[Opening Dataset records section]

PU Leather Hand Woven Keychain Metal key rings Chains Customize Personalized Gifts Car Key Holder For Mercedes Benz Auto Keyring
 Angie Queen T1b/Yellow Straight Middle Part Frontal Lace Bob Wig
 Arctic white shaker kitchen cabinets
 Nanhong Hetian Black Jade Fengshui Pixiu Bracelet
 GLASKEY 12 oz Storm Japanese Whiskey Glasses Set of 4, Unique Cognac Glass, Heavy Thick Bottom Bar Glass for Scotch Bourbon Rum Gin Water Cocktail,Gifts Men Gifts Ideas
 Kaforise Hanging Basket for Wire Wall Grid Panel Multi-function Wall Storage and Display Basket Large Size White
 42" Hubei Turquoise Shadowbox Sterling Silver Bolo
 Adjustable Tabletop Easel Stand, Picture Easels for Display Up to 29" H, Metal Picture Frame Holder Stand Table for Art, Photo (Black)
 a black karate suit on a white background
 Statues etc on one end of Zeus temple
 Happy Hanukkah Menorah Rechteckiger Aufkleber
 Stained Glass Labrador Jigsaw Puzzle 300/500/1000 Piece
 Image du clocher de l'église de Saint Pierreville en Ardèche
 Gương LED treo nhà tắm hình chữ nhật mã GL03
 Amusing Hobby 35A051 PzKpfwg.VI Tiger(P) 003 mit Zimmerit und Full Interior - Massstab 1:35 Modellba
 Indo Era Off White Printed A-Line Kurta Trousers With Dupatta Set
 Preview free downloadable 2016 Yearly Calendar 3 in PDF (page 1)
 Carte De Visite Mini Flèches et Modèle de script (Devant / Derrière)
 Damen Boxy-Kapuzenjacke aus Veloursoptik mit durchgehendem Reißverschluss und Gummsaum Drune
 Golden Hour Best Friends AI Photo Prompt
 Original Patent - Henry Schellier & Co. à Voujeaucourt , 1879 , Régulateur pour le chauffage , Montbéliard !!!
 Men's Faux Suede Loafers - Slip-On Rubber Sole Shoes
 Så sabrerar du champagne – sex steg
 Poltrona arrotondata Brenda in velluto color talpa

[Closing Dataset records section]

Look above for the line containing "Sterling Silver Bolo" and the line containing "Amusing Hobby 35A051". Transcribe both, with the lines between them, exactly.

 42" Hubei Turquoise Shadowbox Sterling Silver Bolo
 Adjustable Tabletop Easel Stand, Picture Easels for Display Up to 29" H, Metal Picture Frame Holder Stand Table for Art, Photo (Black)
 a black karate suit on a white background
 Statues etc on one end of Zeus temple
 Happy Hanukkah Menorah Rechteckiger Aufkleber
 Stained Glass Labrador Jigsaw Puzzle 300/500/1000 Piece
 Image du clocher de l'église de Saint Pierreville en Ardèche
 Gương LED treo nhà tắm hình chữ nhật mã GL03
 Amusing Hobby 35A051 PzKpfwg.VI Tiger(P) 003 mit Zimmerit und Full Interior - Massstab 1:35 Modellba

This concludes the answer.